Derken ortaya soyu Drakula’ya kadar uzanan “güzel ısıran adamlar” fikri atıldı. Ve çok satmaya başladı tabii.
Bu sefer romantizmin doruğu yakalanmış, Kadın – Erkek ilişkisini gizemi tekrar yaratılmıştı. Yılların yıpratamadığı ve laneti üzerlerinde taşımaktan ezilmeyen bilakis yalnızlığı seçerek aslında kadere bu şekilde meydan okuyabilen güçlü erkeklerdi bunlar. İçlerindeki hayvanla mücadele edip gerekirse taptıkları kadın uğruna kendi kendilerini yok etmeyi seçebilecek kadar asalet yüklendi onların da boynuna. Sevdiklerini canı pahasına koruyacak, düşmanlarına hiç acımayacak, aşk uğruna kendi özüyle mücadele edebilecek kadar güçlü ve aşık olabilecek, hiç ölmeyecek ve üstelik sabaha kadar uyanık kalabilecek :)) hepsinin üstüne de birkaç sivri dişin dışında oldukça yakışıklı erkeklerdi bunlar.
Gün onların günüydü. Kadınların pek çoğu istediğini bulmuştu nihayet.
Reytingi yüksek dizilerin, yok satan kitapların güzel ısıran adamları yerleşti günümüz kadınının yüreğine.
Ve pek çoğunun düşünde aynı cümle: Lütfen ısır beni…

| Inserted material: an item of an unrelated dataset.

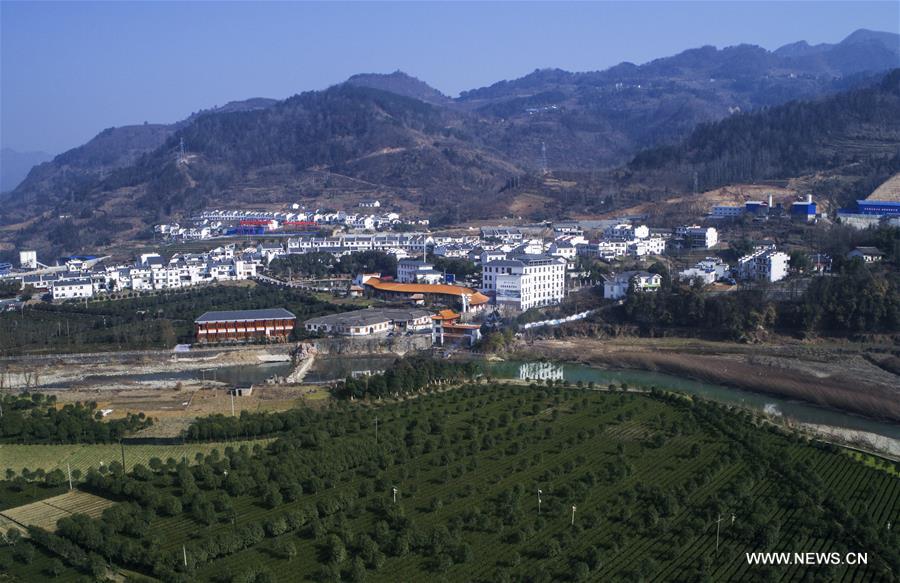 CHINA-SHAANXI-TEA PLANTING INDUSTRY (CN)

Çocukluğuma giderek başladım işe tabii ki :) Ne tuhaftır ki çocukluk yıllarımda "Erkek" dendiği zaman ilk aklıma gelen erkek Vincent oluyordu
Kadınların erkeklere dair tüm bilinmeyenleri çözdükten sonra “Aaa bu kadar mıydı macera?” diye şaşırıp hayatın anlamı bu olmamalıydı diye dövündükleri günlerin başlarındaydı sanırım ekranlarda boy göstermeye başladı benim yakışıklı Vincent’im.
Güzel ve Çirkin ile birlikte karanlıkta bütün kediler gridir edebiyatı ivme kazanmaya başlamıştı ( aslında Quasimodo bu anlamda ilk altı beslenen çirkin olsa bile kadınların çoğu “Yok be güzelim, çirkinin de bir katlanılabiliri vardır” dercesine pek de üstüne oynamamışlardır )
Vincent ve benzeri adamların sosyal statüye zarar verecek düzeydeki yalnızlıklarından bunalan kadınlar için daha sosyal erkekler ihtiyaç haline gelmeye başladı bu dönemden hemen sonra.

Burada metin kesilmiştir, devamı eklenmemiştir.